DXY technical outlook: Indicators soften as bulls pause
After Wednesday’s upward movement, technical indicators are easing for the Greenback, allowing the US Dollar Index to take a breather while it remains neutral in the vicinity of 108.30.
Although momentum has waned, the overall picture stays constructive as long as the DXY holds above its 20-day Simple Moving Average (SMA). Without fresh catalysts, the US Dollar may hover within current ranges, awaiting clearer signals before attempting another push higher.
Fed FAQs
Monetary policy in the US is shaped by the Federal Reserve (Fed). The Fed has two mandates: to achieve price stability and foster full employment. Its primary tool to achieve these goals is by adjusting interest rates. When prices are rising too quickly and inflation is above the Fed’s 2% target, it raises interest rates, increasing borrowing costs throughout the economy. This results in a stronger US Dollar (USD) as it makes the US a more attractive place for international investors to park their money.

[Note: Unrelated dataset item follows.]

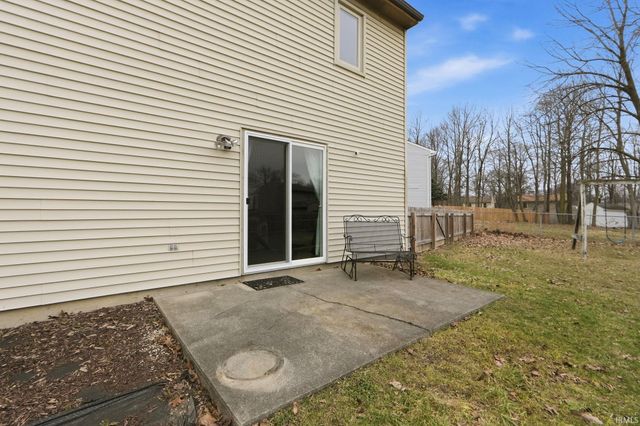 6604 Meadow Wood Place, Fort Wayne, IN 46825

When inflation falls below 2% or the Unemployment Rate is too high, the Fed may lower interest rates to encourage borrowing, which weighs on the Greenback.
The Federal Reserve (Fed) holds eight policy meetings a year, where the Federal Open Market Committee (FOMC) assesses economic conditions and makes monetary policy decisions. The FOMC is attended by twelve Fed officials – the seven members of the Board of Governors, the president of the Federal Reserve Bank of New York, and four of the remaining eleven regional Reserve Bank presidents, who serve one-year terms on a rotating basis.
In extreme situations, the Federal Reserve may resort to a policy named Quantitative Easing (QE). QE is the process by which the Fed substantially increases the flow of credit in a stuck financial system. It is a non-standard policy measure used during crises or when inflation is extremely low. It was the Fed’s weapon of choice during the Great Financial Crisis in 2008. It involves the Fed printing more Dollars and using them to buy high grade bonds from financial institutions. QE usually weakens the US Dollar.
Quantitative tightening (QT) is the reverse process of QE, whereby the Federal Reserve stops buying bonds from financial institutions and does not reinvest the principal from the bonds it holds maturing, to purchase new bonds. It is usually positive for the value of the US Dollar.